One way of lessening personal pain, is a shift in perspective from oneself and toward others, a recognition that others are suffering as well and that we are all connected. This is the birth of empathy and compassion. Tutu tells us that it’s how we face all the things that seem to be negative in our lives that determines the kind of person we become. “If we regard all of this as frustrating, we’re going to come out squeezed and tight and just wishing to smash everything.” If we just look for happiness, we will find ourselves turning inwards. “It’s like a flower. You open, you blossom, really because of other people.” Lessening one’s self-absorption seems to be foundational to this approach. Both these spiritual leaders refuse to take themselves too seriously and have an infectious sense of humor.
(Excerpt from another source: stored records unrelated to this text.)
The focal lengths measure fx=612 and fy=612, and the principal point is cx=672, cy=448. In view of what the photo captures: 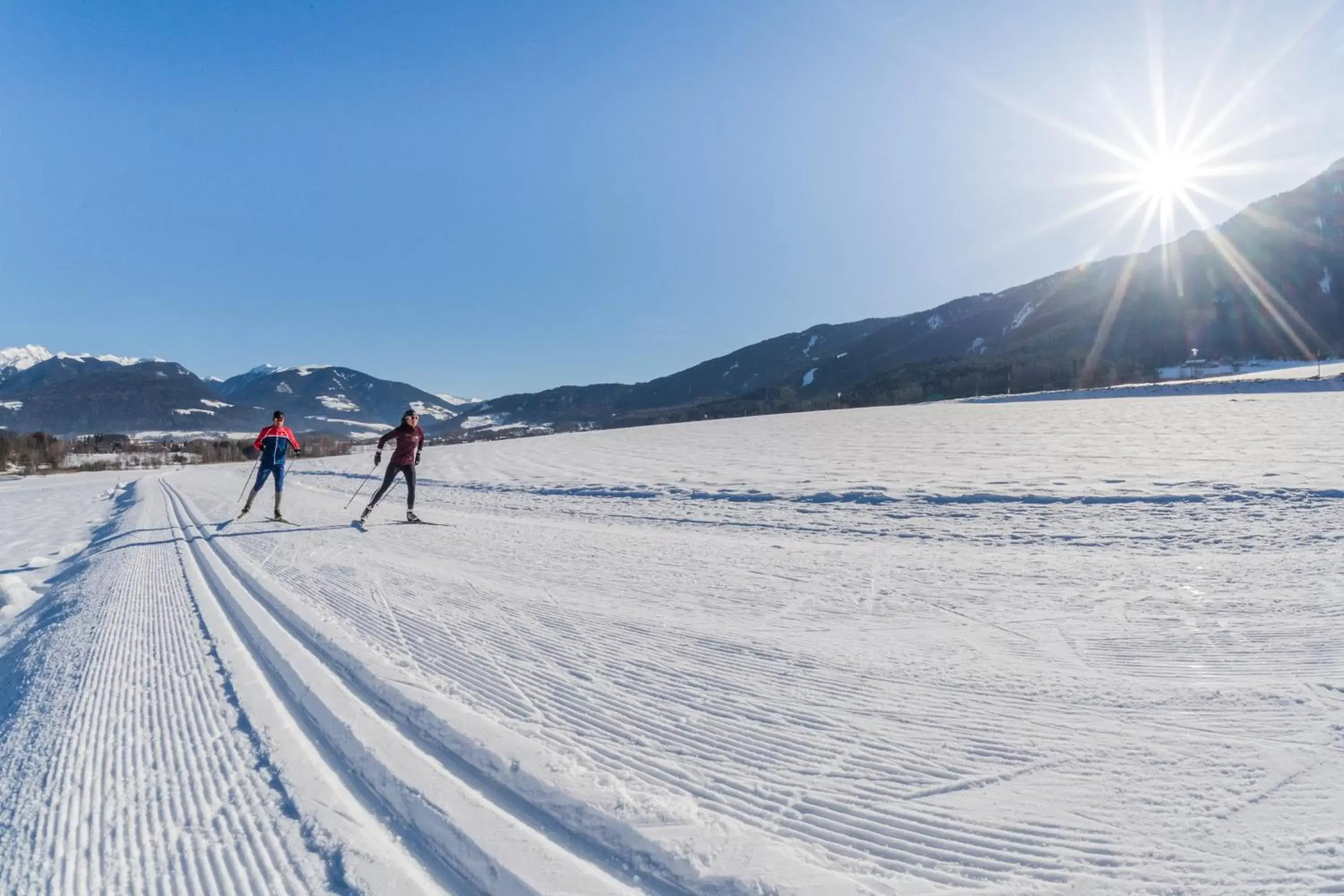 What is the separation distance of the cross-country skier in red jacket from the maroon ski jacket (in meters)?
2.25

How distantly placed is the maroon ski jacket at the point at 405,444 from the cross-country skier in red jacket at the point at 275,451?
2253 millimetres

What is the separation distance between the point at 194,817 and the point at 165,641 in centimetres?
287

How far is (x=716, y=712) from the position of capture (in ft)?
10.6

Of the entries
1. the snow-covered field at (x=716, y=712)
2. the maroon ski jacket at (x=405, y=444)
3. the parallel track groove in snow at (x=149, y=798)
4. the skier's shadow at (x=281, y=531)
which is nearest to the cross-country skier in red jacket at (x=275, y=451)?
the skier's shadow at (x=281, y=531)

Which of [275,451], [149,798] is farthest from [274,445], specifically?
[149,798]

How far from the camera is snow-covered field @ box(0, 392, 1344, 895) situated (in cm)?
216

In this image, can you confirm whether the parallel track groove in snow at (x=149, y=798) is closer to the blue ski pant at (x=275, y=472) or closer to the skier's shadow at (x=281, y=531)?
the skier's shadow at (x=281, y=531)

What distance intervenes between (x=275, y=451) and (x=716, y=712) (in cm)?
1185

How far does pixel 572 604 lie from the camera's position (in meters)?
5.32

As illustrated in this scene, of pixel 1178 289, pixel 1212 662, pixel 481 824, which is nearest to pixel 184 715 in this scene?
pixel 481 824

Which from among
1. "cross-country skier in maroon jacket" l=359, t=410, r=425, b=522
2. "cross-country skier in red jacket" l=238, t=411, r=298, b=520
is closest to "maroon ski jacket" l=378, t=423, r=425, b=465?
"cross-country skier in maroon jacket" l=359, t=410, r=425, b=522

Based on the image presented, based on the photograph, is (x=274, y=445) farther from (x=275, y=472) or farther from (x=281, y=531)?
(x=281, y=531)

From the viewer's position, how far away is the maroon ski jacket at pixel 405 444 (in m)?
10.9

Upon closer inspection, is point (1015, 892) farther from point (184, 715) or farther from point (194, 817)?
point (184, 715) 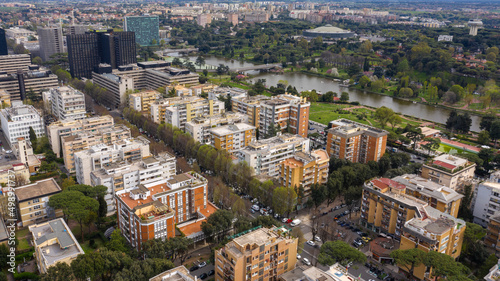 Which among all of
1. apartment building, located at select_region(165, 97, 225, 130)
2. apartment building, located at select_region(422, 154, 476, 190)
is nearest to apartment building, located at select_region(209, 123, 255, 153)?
apartment building, located at select_region(165, 97, 225, 130)

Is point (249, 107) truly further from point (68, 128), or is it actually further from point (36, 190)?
point (36, 190)

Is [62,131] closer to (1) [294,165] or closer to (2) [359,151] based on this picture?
(1) [294,165]

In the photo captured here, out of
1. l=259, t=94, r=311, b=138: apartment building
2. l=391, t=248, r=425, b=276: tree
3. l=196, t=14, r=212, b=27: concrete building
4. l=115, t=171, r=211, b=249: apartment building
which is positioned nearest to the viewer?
l=391, t=248, r=425, b=276: tree

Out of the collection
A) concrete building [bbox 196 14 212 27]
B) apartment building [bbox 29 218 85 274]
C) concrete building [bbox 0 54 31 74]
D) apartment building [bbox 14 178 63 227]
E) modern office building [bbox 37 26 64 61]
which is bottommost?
apartment building [bbox 14 178 63 227]

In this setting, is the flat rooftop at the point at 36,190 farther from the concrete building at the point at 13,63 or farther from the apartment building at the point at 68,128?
the concrete building at the point at 13,63

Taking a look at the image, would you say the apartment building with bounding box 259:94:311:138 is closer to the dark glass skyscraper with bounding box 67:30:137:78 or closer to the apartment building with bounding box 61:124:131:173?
the apartment building with bounding box 61:124:131:173

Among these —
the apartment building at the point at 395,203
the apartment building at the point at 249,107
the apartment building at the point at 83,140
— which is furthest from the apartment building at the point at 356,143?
the apartment building at the point at 83,140

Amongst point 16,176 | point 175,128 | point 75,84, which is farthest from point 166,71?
point 16,176

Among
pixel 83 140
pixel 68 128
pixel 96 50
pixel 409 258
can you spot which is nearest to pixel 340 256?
pixel 409 258

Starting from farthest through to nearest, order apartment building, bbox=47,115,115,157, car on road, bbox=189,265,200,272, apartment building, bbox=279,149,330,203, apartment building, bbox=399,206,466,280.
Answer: apartment building, bbox=47,115,115,157, apartment building, bbox=279,149,330,203, car on road, bbox=189,265,200,272, apartment building, bbox=399,206,466,280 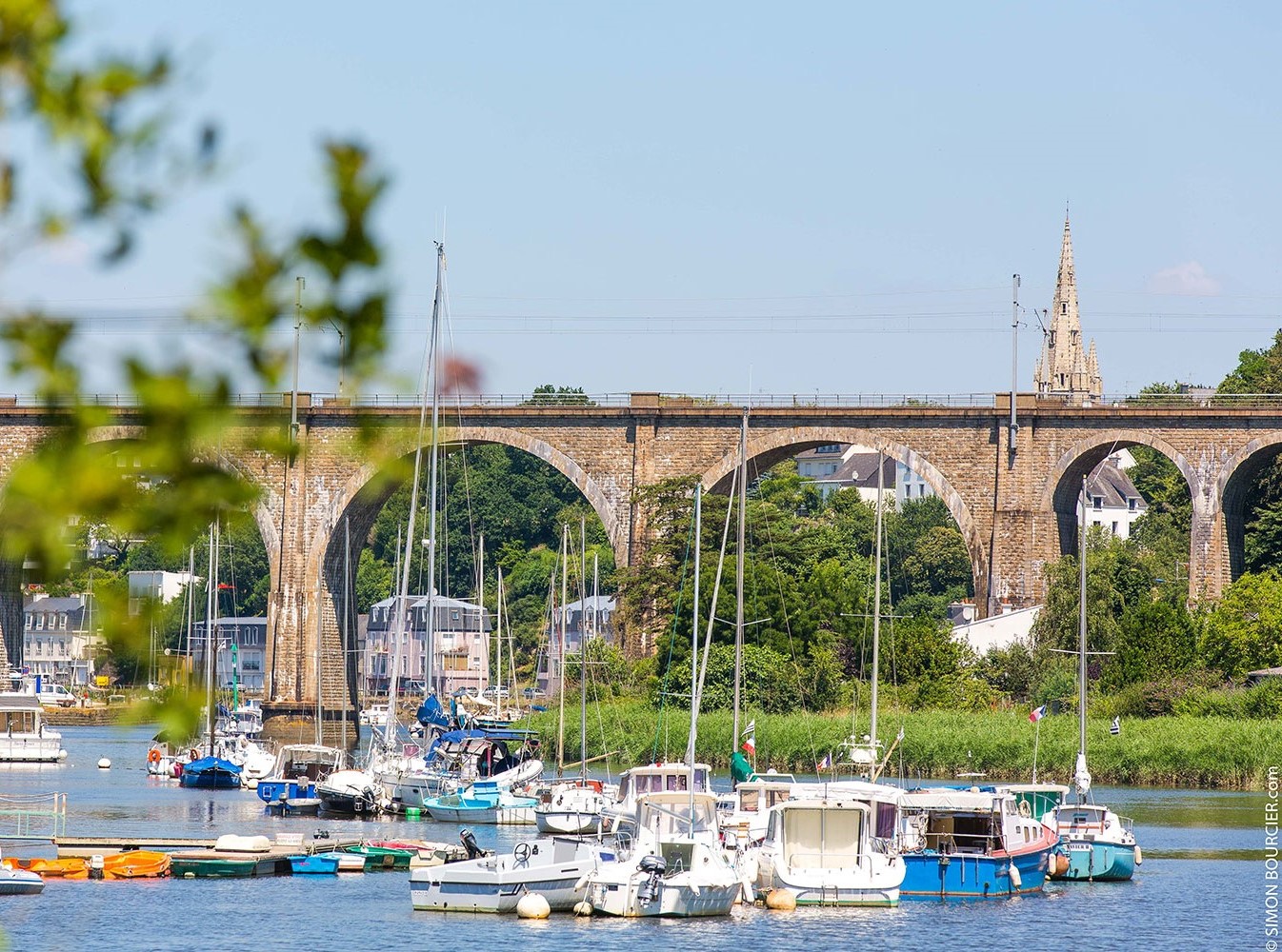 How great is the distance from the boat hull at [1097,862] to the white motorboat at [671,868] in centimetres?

But how to deal with intense sadness and grief, perhaps at a death of a friend or family member? Flanagan tells us that grief is a natural and necessary process and that avoiding it can lead to more suffering. We need to allow ourselves space to grieve. He also notes that sharing our grief can create bonds with others of very different backgrounds; and we can create meaning out of grief through acceptance and the need to move forward, making the world in some small way a better place. The Dalai Lama suggests we use our emotions as a way to generate a deeper sense of purpose. “If the one you have lost could see you, and that you are full of determination and hope, they would be happy.”
Hope is different from optimism. Tutu says optimism depends more on feelings than actual reality. “Hope is different, it is based not on the ephemerality of feelings but on the firm ground of conviction….To choose hope is to step firmly forward into the howling wind, bearing one’s chest to the elements, knowing that, in time, the storm will pass.”
Flanagan writes openly about his personal journey, including his struggle with PTSD after his work at Ground Zero in the aftermath of 9/11. He also applies his tools to his own life, for example in his decision to take a more active role in the struggle against racism, “challenging myself and my white colleagues to look at systemic racism and find ways to teach resilience as a resource in that struggle.” (I was honored to find references to my work for racial healing and equity and some quotes from my book Trustbuilding: An Honest Conversation on Race, Reconciliation, and Responsibility)
Both the Dalai Lama and the archbishop share Flanagan’s perspective that resilience can be cultivated as a skill. So much depends on where we put our attention. Instead of focusing on events and circumstances over which we have no control, we can reframe our situation through the choices we make.